Task:
Repeat the data word for word, excluding every picture.

Supplied material:
---+---
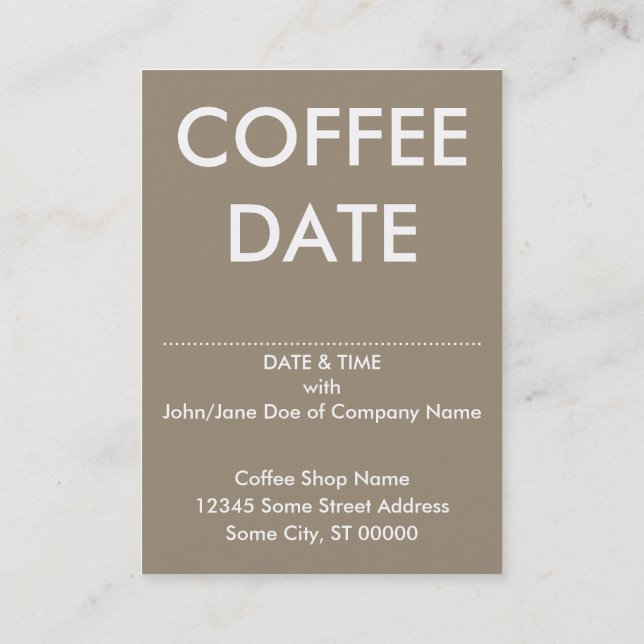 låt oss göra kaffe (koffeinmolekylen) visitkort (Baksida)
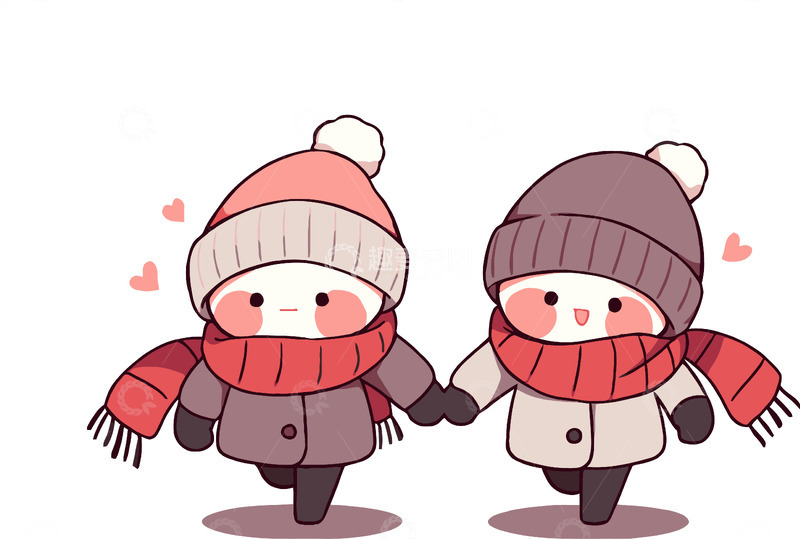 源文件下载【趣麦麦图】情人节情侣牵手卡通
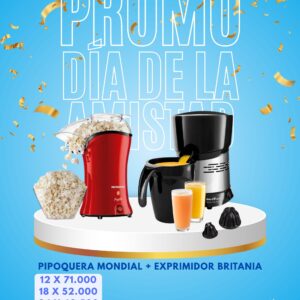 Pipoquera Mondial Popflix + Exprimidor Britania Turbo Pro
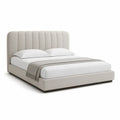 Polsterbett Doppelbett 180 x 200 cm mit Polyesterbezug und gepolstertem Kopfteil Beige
---+---
Your solution:
 låt oss göra kaffe (koffeinmolekylen) visitkort (Baksida)
 源文件下载【趣麦麦图】情人节情侣牵手卡通
 Pipoquera Mondial Popflix + Exprimidor Britania Turbo Pro
 Polsterbett Doppelbett 180 x 200 cm mit Polyesterbezug und gepolstertem Kopfteil Beige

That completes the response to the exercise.